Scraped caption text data
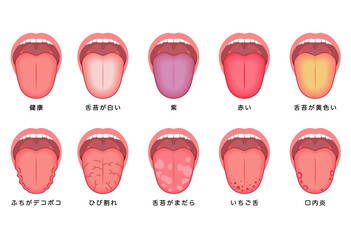 舌でわかる健康状態　舌診　舌の健康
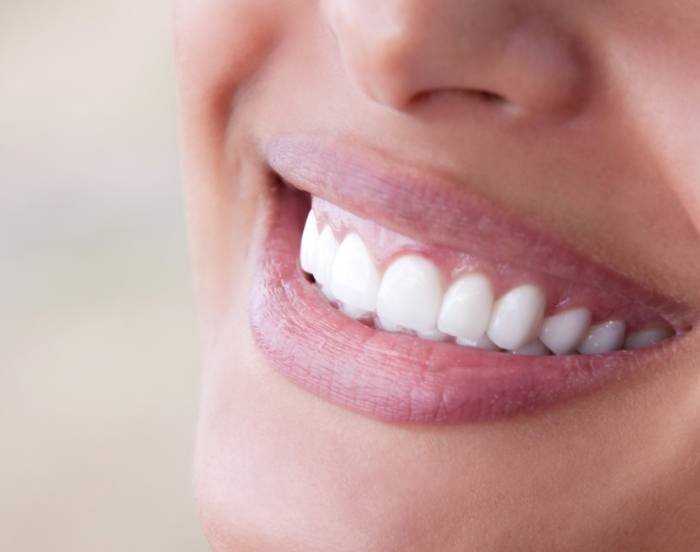 Close up of a smile with flawlessly straight white teeth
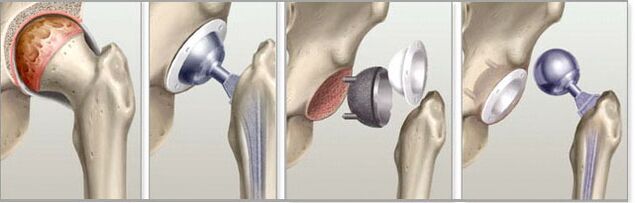 hip-pelvic arthroplasty for osteoarthritis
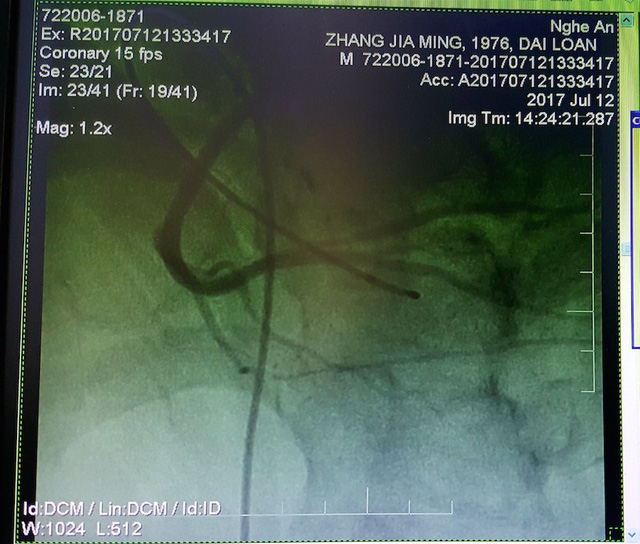 H&igrave;nh ảnh chụp mạch cho thấy, động mạch v&agrave;nh phải của bệnh nh&acirc;n hẹp tắc ho&agrave;n to&agrave;n từ RCA-II.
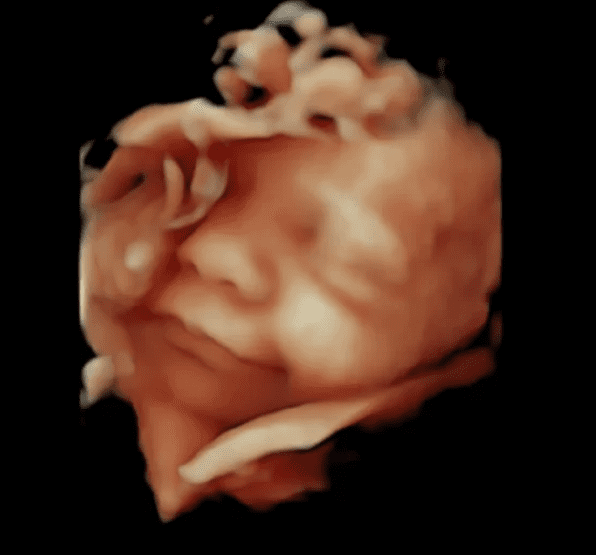 Échographie 3D — visage fœtal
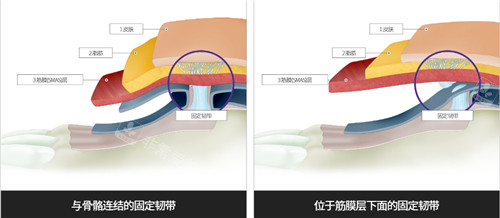 不同层次韧带展示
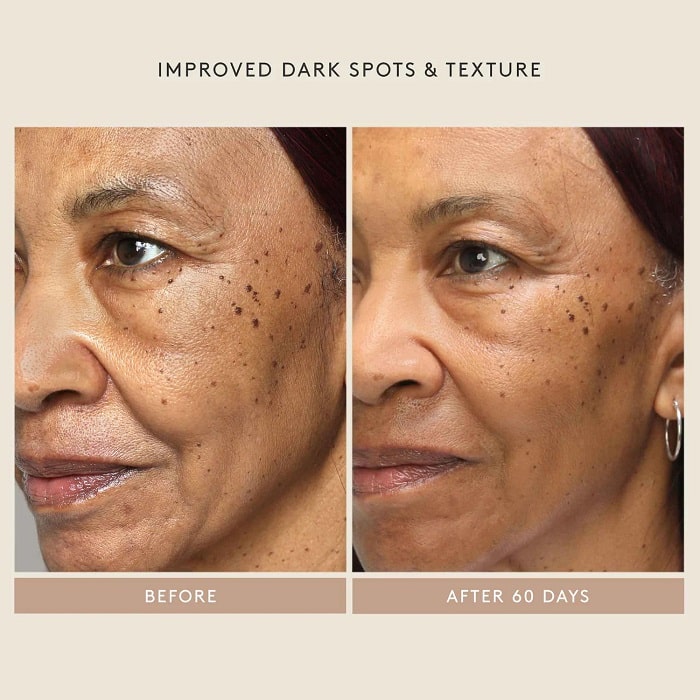 Retinol Before and After: Transform Your Skin with These Results 12 Retinol Before and After: Transform Your Skin with These Results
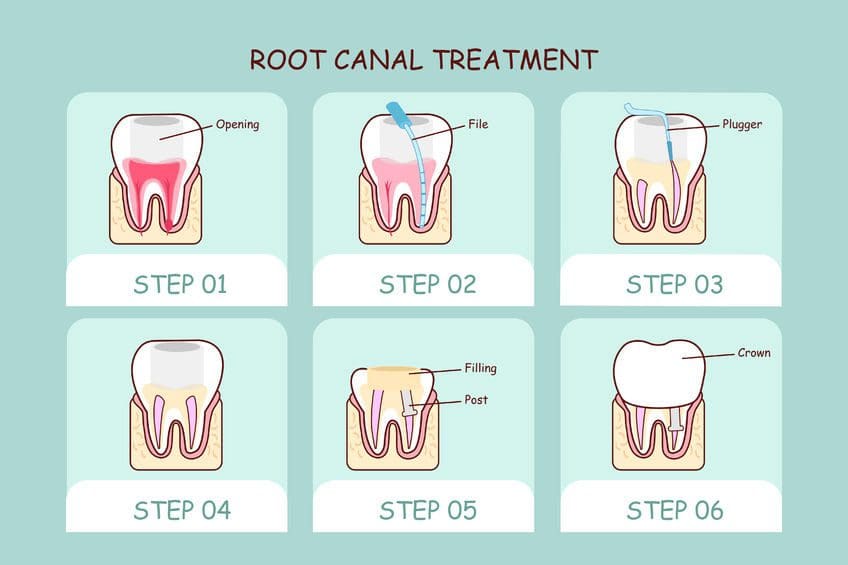 Step by Step Explanation of Root Canal Treatment Procedure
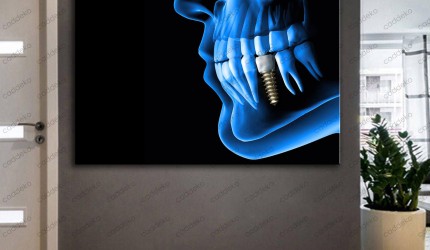 Diş Kliniği Duvar Dekorasyonu: Doğru Tablo Seçimi Rehberi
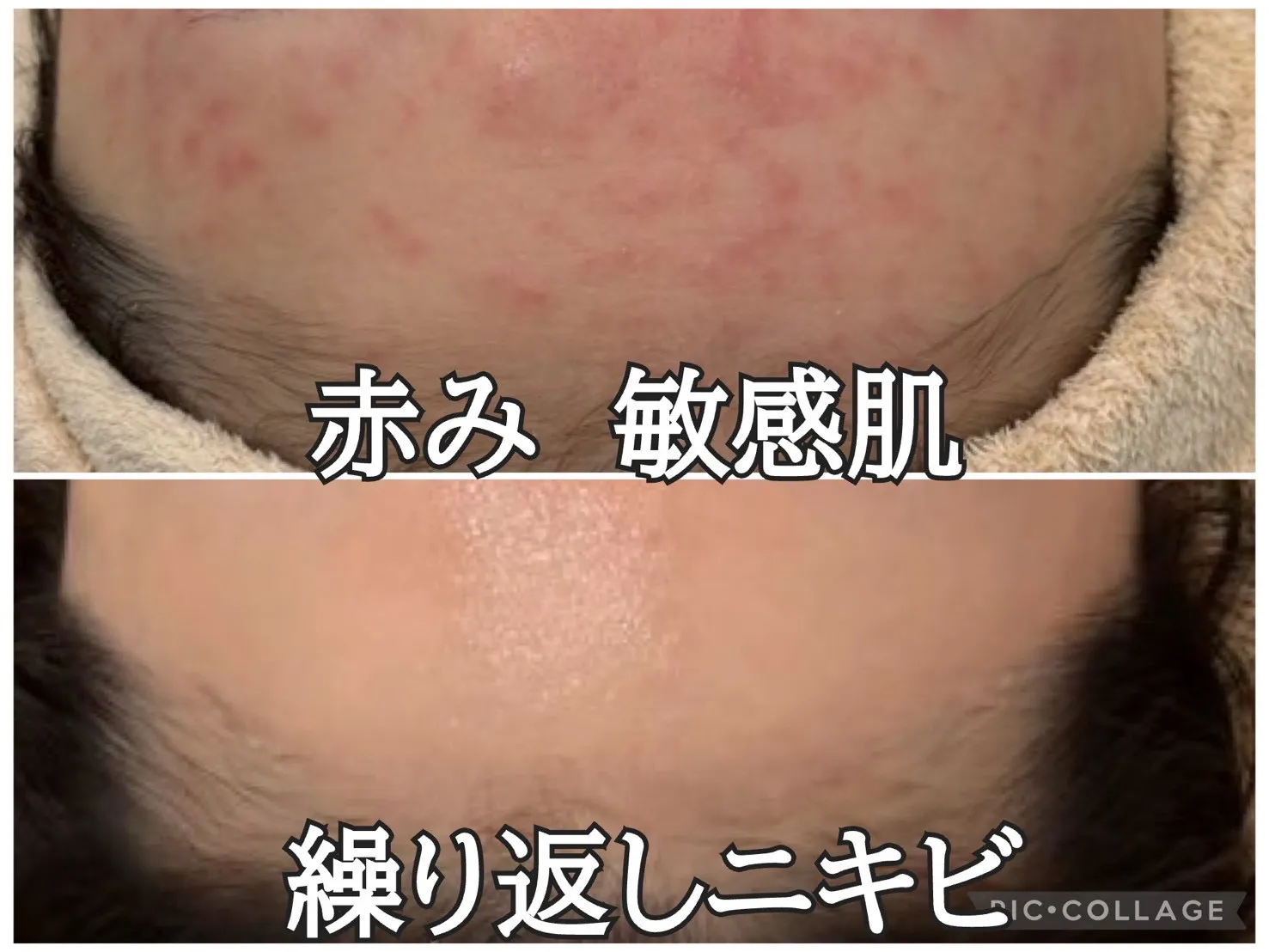 【JR尼崎駅前で肌質改善】敏感肌・妊婦さんの肌荒れも安心◎繰り返すニキビ・赤みを根本ケアする頼れるエステ
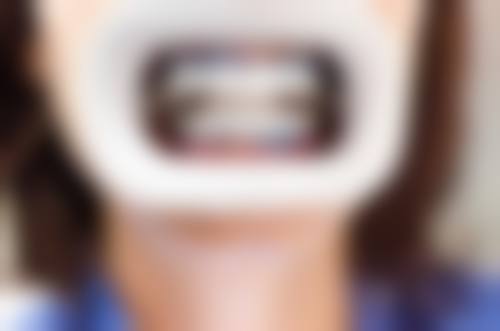 赵肖楠医生技术优势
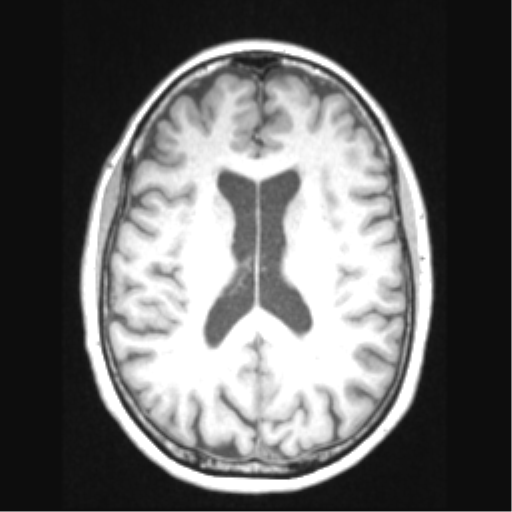 File:Cerebral arteriovenous malformation with hemorrhage (Radiopaedia 34422-35737 Axial T1 46).png
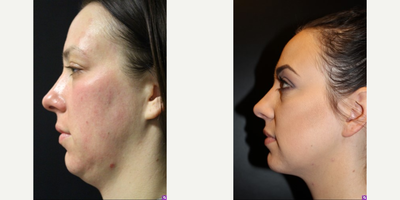 Kybella before and after photo
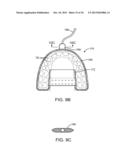 METHODS AND SYSTEMS FOR IMPROVING AIRWAY PATENCY diagram and image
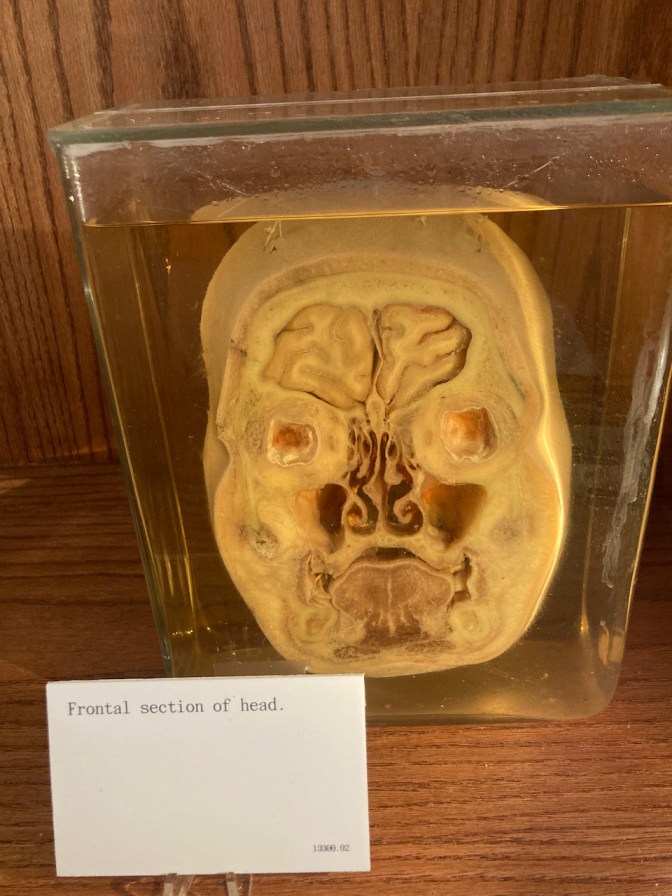 Frontal section of head on display.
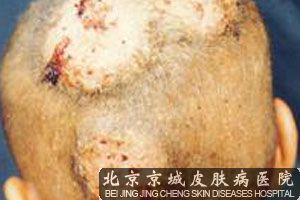 头癣如何进行传染的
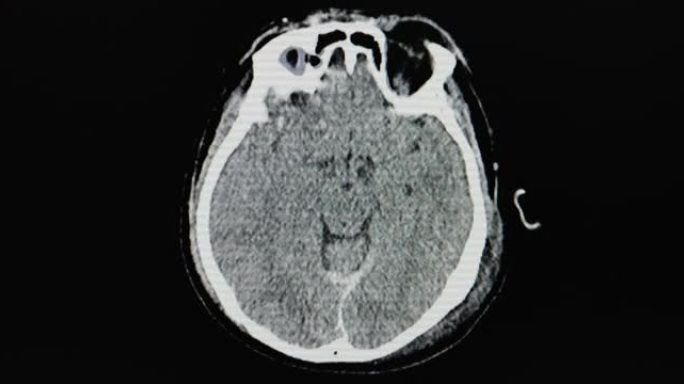 脑部CT显示出血性挫伤。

What you will do
Would you set down every line of the data above exactly, skipping the pictures?

Result for this task
 舌でわかる健康状態　舌診　舌の健康
 Close up of a smile with flawlessly straight white teeth
 hip-pelvic arthroplasty for osteoarthritis
 H&igrave;nh ảnh chụp mạch cho thấy, động mạch v&agrave;nh phải của bệnh nh&acirc;n hẹp tắc ho&agrave;n to&agrave;n từ RCA-II.
 Échographie 3D — visage fœtal
 不同层次韧带展示
 Retinol Before and After: Transform Your Skin with These Results 12 Retinol Before and After: Transform Your Skin with These Results
 Step by Step Explanation of Root Canal Treatment Procedure
 Diş Kliniği Duvar Dekorasyonu: Doğru Tablo Seçimi Rehberi
 【JR尼崎駅前で肌質改善】敏感肌・妊婦さんの肌荒れも安心◎繰り返すニキビ・赤みを根本ケアする頼れるエステ
 赵肖楠医生技术优势
 File:Cerebral arteriovenous malformation with hemorrhage (Radiopaedia 34422-35737 Axial T1 46).png
 Kybella before and after photo
 METHODS AND SYSTEMS FOR IMPROVING AIRWAY PATENCY diagram and image
 Frontal section of head on display.
 头癣如何进行传染的
 脑部CT显示出血性挫伤。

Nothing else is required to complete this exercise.